_Exercise instructions_.
Word for word, copy the listing below and leave out its images.

_Records supplied_.
• • •

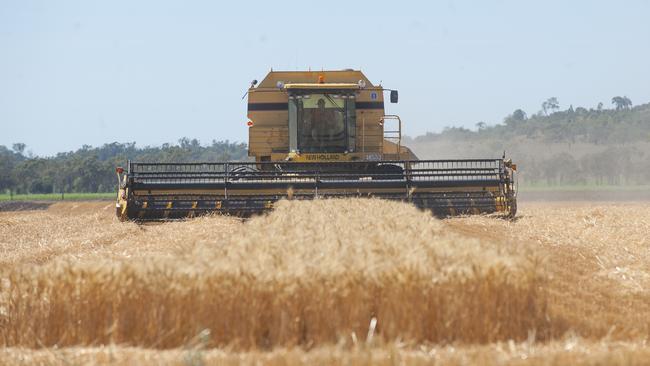 Huge fallout: Lempriere Grain has collapsed with debts of $18.8 million.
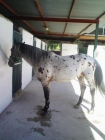 vendo caballo - mejor precio | unprecio.es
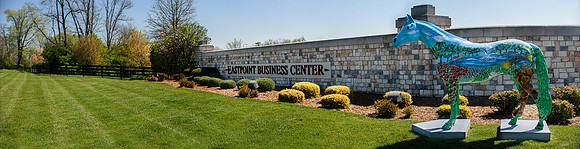 NCP_9169-Edit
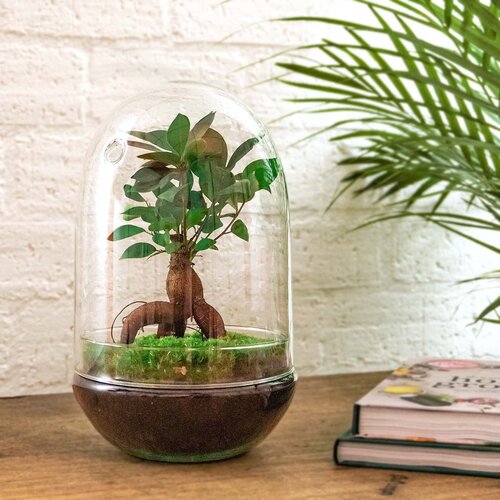 Trendhero Terrarium DIY Kit - XL Bonsai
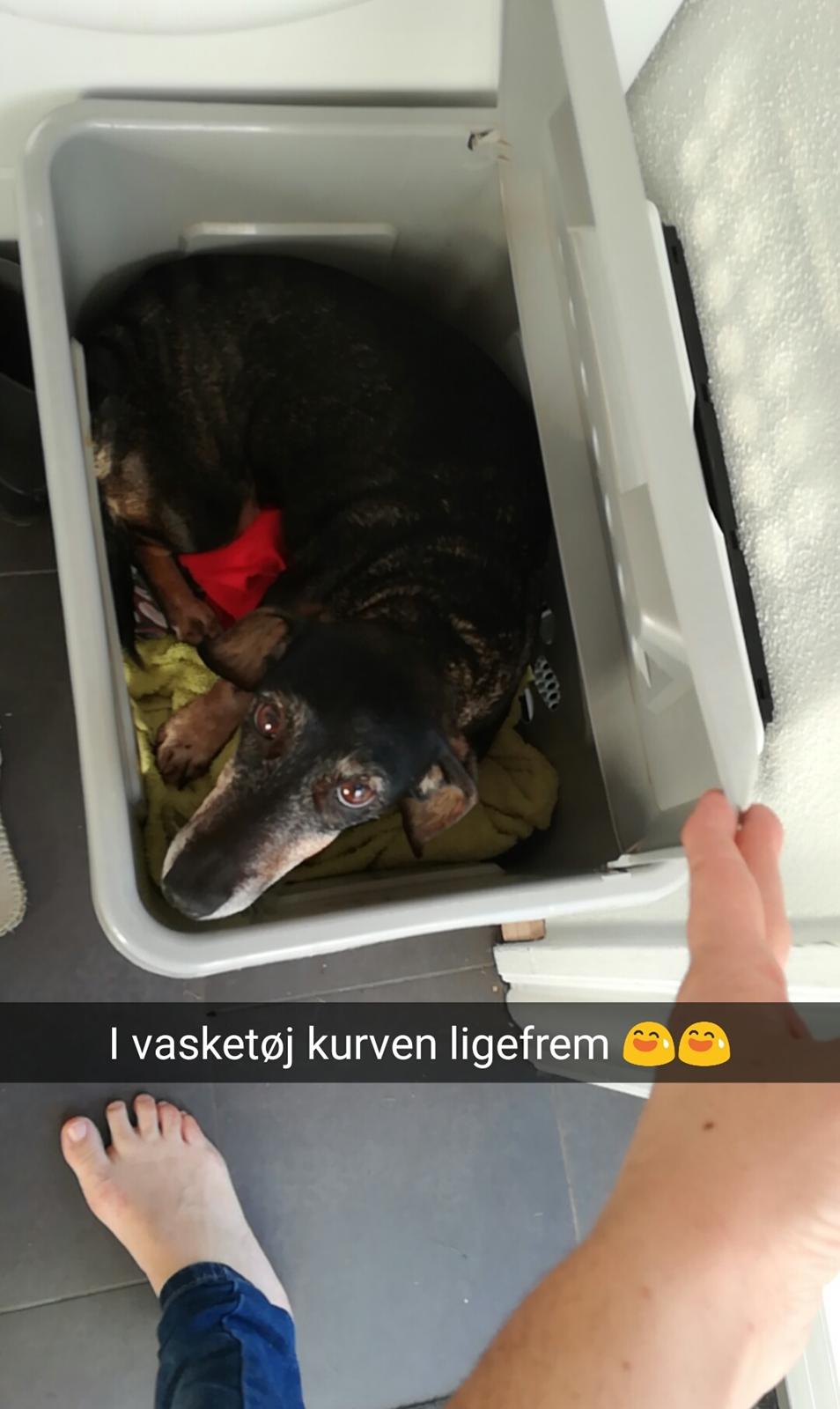 Gravhund Daisy billede 3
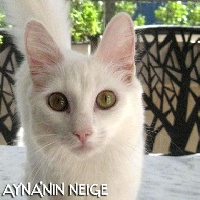 CH. ayna'nin Neige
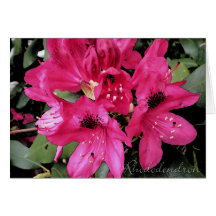 Rhododendronnotecards Kort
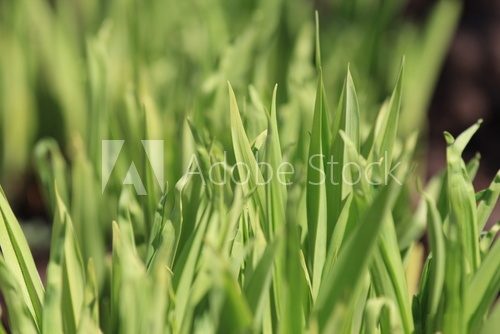 Fototapeta Świeże liście w zielonej krasie
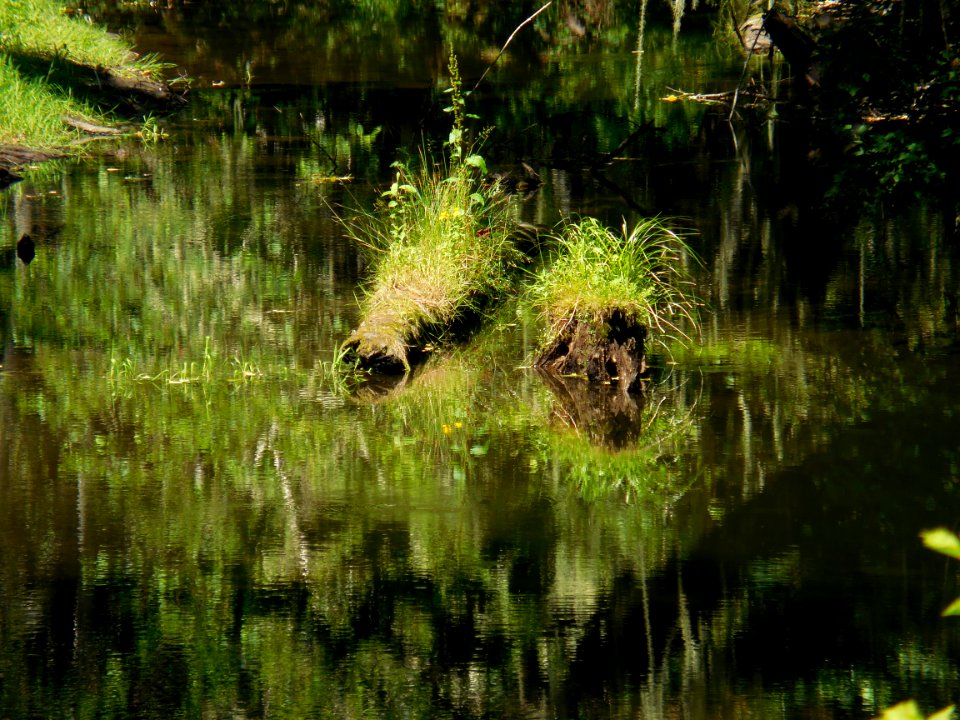 logs middle hoh river grass moss rainforest c bubar july 2014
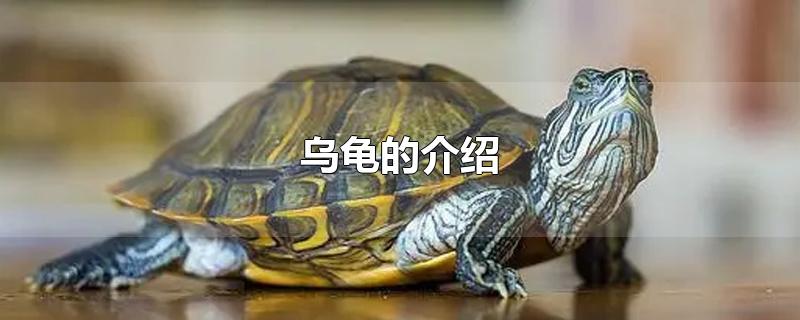 乌龟的介绍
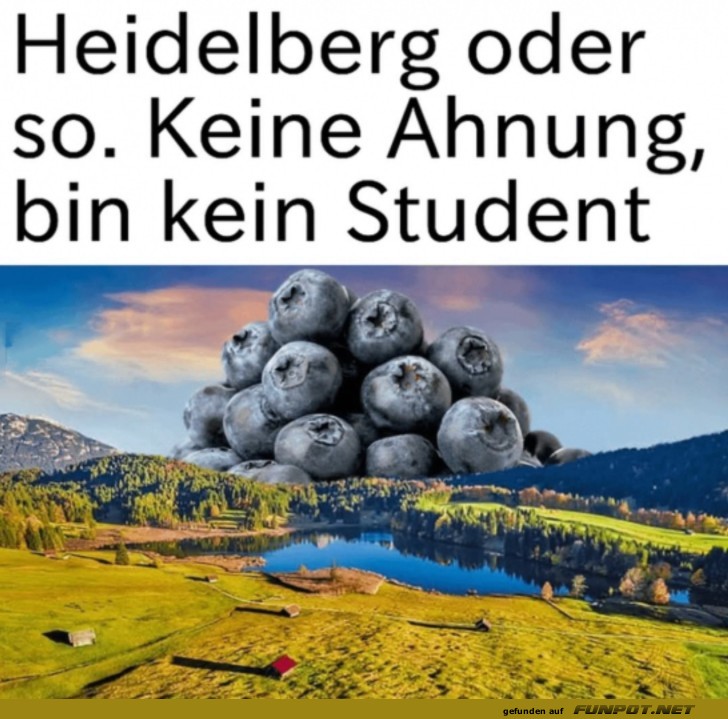 Humorvolle Heidelbeeren in malerischer Natur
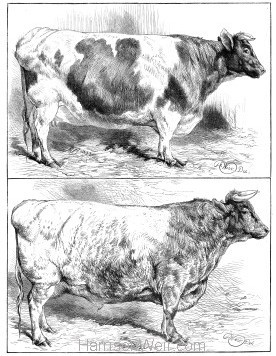 1869 Smithfield Prize Cattle by Harrison Weir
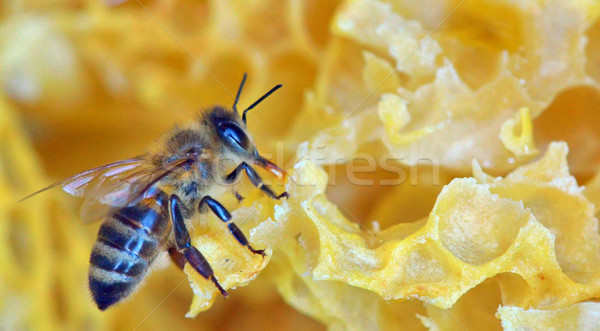 a bee on a honeycomb Stock photo © mady70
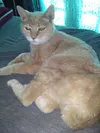 For nearly two decades, Stubbs, so named due to his lack of a tail, was a regular sight for locals and visitors at Nagley’s General Store and the West Rib Pub and Grill in Talkeetna. Courtesy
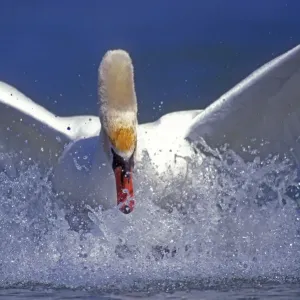 Mute swan landing on water {Cygnus olor} Switzerland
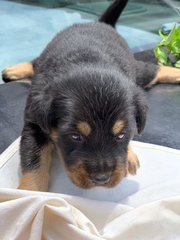 Cute Puppies - Mixed Breed Dog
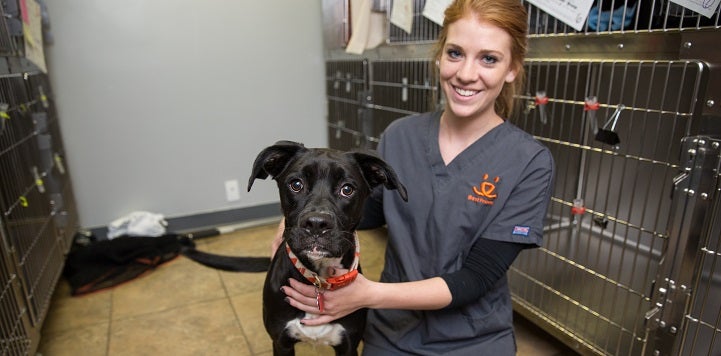 Woman in gray scrubs kneeling with black and white dog in front of kennels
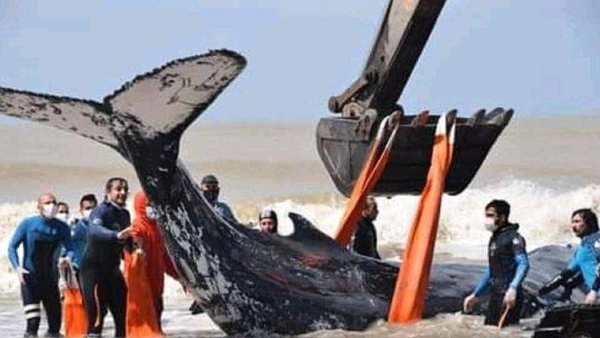 Diario HOY | Rescatan a dos ballenas varadas en la costa argentina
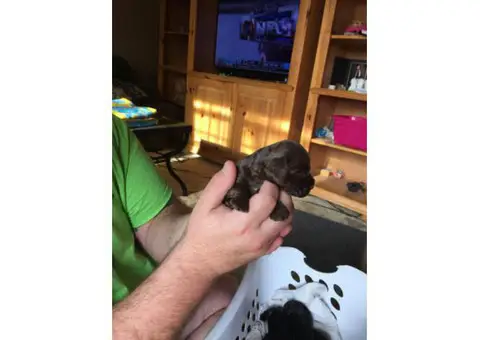 Black Cocker Spaniel Puppies will be ready for Christmas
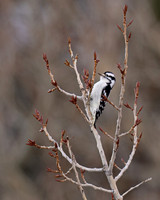 Downy Woodpecker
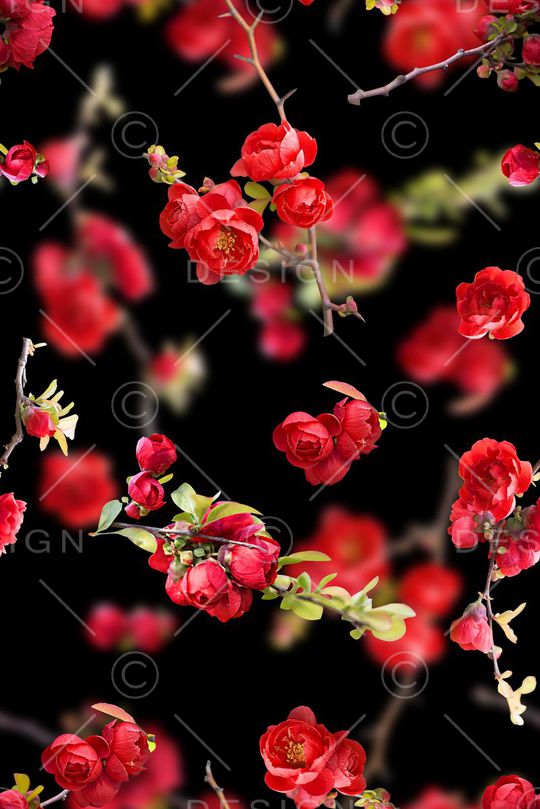 时尚抽象3D花卉数码印花印花华亿平台图片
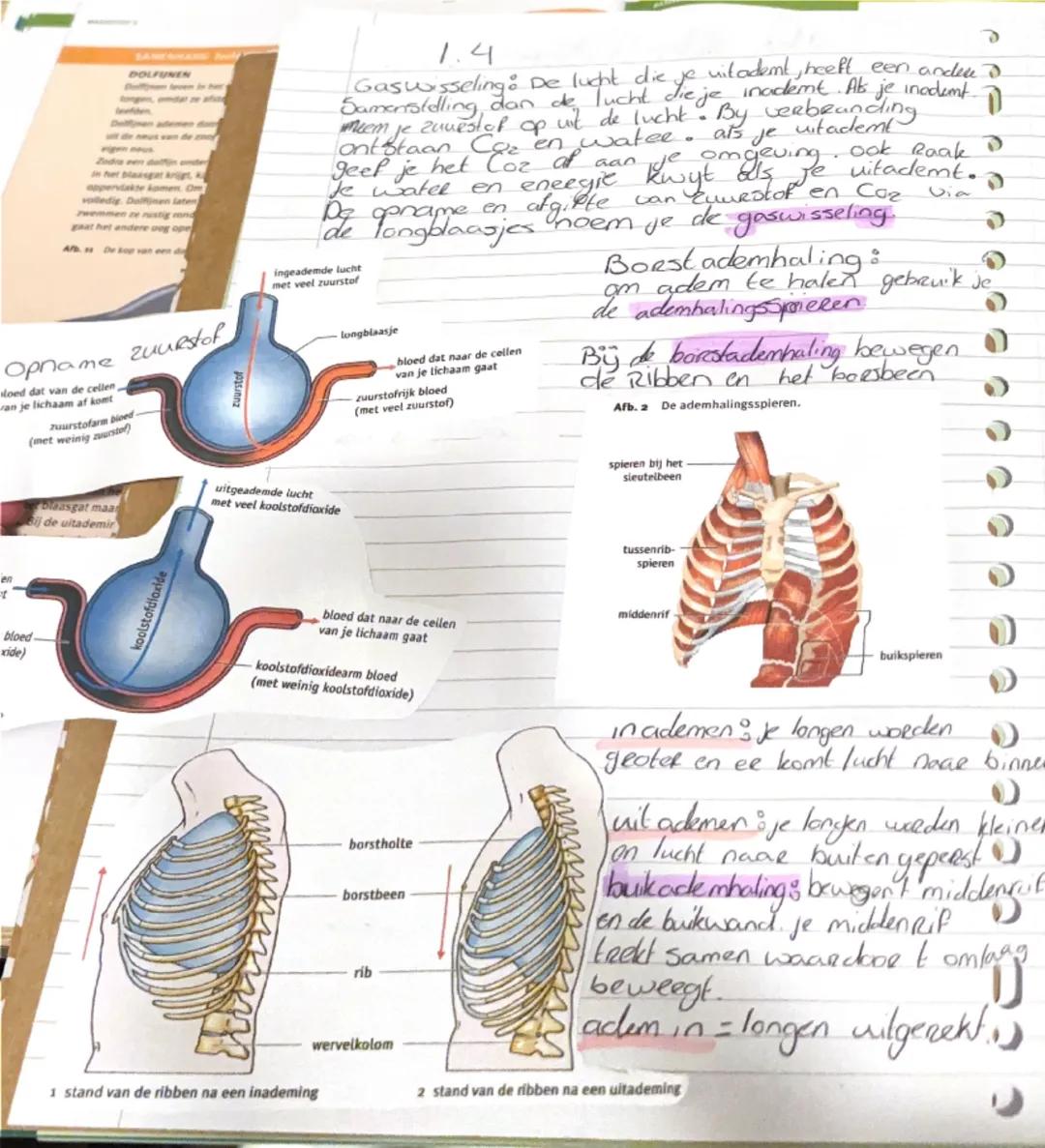 DOLFUNEN
en
t
Zodra
het laangat Art A
oppervlakte komen. Om
vollledig. Dollinen Laten
zwemmen ze rustig
gaat het andere oog ope
A. De kup

O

• • •

_Solution for this task_.
 Huge fallout: Lempriere Grain has collapsed with debts of $18.8 million.
 vendo caballo - mejor precio | unprecio.es
 NCP_9169-Edit
 Trendhero Terrarium DIY Kit - XL Bonsai
 Gravhund Daisy billede 3
 CH. ayna'nin Neige
 Rhododendronnotecards Kort
 Fototapeta Świeże liście w zielonej krasie
 logs middle hoh river grass moss rainforest c bubar july 2014
 乌龟的介绍
 Humorvolle Heidelbeeren in malerischer Natur
 1869 Smithfield Prize Cattle by Harrison Weir
 a bee on a honeycomb Stock photo © mady70
 For nearly two decades, Stubbs, so named due to his lack of a tail, was a regular sight for locals and visitors at Nagley’s General Store and the West Rib Pub and Grill in Talkeetna. Courtesy
 Mute swan landing on water {Cygnus olor} Switzerland
 Cute Puppies - Mixed Breed Dog
 Woman in gray scrubs kneeling with black and white dog in front of kennels
 Diario HOY | Rescatan a dos ballenas varadas en la costa argentina
 Black Cocker Spaniel Puppies will be ready for Christmas
 Downy Woodpecker
 时尚抽象3D花卉数码印花印花华亿平台图片
 DOLFUNEN
en
t
Zodra
het laangat Art A
oppervlakte komen. Om
vollledig. Dollinen Laten
zwemmen ze rustig
gaat het andere oog ope
A. De kup

O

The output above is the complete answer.